Simply and briefly stated, witness and outreach is confessing Jesus Christ to the world. More specifically, it is confessing Jesus as God and Lord through Word and Sacrament to people who do not know Him with the desired outcome that they would also confess Him to be God and Lord. Not only is the outcome of witness and outreach solely the work of God, but even our faithful confession of Christ is only possible through the working of the Holy Spirit. Accordingly, evangelism in not a work of man and the results of our witness are never dependent on our techniques or abilities.
As those who have received the gifts of God in Holy Baptism, including and especially the gift of the Holy Spirit, confessing Jesus Christ as His witnesses is an intrinsic part of our life in Christ. Jesus Himself expressed this when He commissioned His first disciples to make new disciples by Baptizing and teaching them “as they were going” (Matthew 28:18-20). He further underscored this by telling them that after they had received the Holy Spirit at Pentecost that they would be, not might be or could be, His witnesses (Acts 1:8).
Like Christ’s first disciples, all Christians are called to be “witnesses of” and “witnesses to.” We are witnesses of what we know to be true, namely the Word of God in both Law and Gospel. We are witnesses to the people in our lives with whom God has placed us in our vocations. But we are only truly witnesses when we share the truth that Jesus Christ, and He alone, is the way, the truth, and the life. Living out our Christian life in acts of kindness, morality, and mercy is desirable and may open doors for us to witness to people, but it is not in-and-of-itself witnessing.

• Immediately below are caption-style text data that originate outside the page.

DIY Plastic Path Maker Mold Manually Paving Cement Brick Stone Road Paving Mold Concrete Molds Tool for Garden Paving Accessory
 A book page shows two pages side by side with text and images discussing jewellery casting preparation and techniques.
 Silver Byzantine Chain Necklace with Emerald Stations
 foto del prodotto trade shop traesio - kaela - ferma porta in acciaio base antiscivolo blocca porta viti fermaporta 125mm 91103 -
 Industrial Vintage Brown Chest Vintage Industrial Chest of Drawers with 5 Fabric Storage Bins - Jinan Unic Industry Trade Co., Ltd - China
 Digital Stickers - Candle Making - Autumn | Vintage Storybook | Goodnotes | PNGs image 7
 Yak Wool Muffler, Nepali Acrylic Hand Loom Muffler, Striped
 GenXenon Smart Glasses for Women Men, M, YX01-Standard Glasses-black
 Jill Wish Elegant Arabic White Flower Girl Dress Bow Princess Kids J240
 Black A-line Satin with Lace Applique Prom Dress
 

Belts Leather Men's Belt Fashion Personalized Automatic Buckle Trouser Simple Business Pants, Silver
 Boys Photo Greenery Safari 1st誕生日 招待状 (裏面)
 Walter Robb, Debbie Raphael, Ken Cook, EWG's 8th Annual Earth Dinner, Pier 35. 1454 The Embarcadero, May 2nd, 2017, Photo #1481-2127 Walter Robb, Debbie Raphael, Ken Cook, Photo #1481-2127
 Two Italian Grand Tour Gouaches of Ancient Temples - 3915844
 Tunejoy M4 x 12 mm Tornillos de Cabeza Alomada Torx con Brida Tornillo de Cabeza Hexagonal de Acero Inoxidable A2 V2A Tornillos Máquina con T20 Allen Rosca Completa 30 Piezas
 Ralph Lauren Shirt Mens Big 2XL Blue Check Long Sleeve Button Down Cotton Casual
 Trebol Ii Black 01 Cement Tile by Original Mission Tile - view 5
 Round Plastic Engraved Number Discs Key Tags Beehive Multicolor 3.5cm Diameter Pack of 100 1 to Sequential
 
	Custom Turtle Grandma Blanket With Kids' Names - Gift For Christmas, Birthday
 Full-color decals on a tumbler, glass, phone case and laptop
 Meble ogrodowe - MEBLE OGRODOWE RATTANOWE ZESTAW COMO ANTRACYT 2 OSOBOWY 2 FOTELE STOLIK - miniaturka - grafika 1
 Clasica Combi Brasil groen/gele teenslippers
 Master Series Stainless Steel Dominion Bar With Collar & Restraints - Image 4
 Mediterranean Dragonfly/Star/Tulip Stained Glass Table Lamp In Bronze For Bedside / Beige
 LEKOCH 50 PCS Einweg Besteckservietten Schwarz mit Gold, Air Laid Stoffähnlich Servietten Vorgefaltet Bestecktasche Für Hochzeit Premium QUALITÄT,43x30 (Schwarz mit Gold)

While man-centered techniques have no place in our witness and outreach, we can and should make use of the elements in our culture that enable us to more effectively communicate God’s Word to the people in our lives. As Christ’s witnesses who are in the world but not of the world, we are wise to make use of the cultural points of contact, significant events, issues in the public square, new technologies, etc. of the “Jerusalem, Judea, and Samaria” of our contexts in order to bring the Good News of Jesus to the unbelieving people with whom we work, live, and play.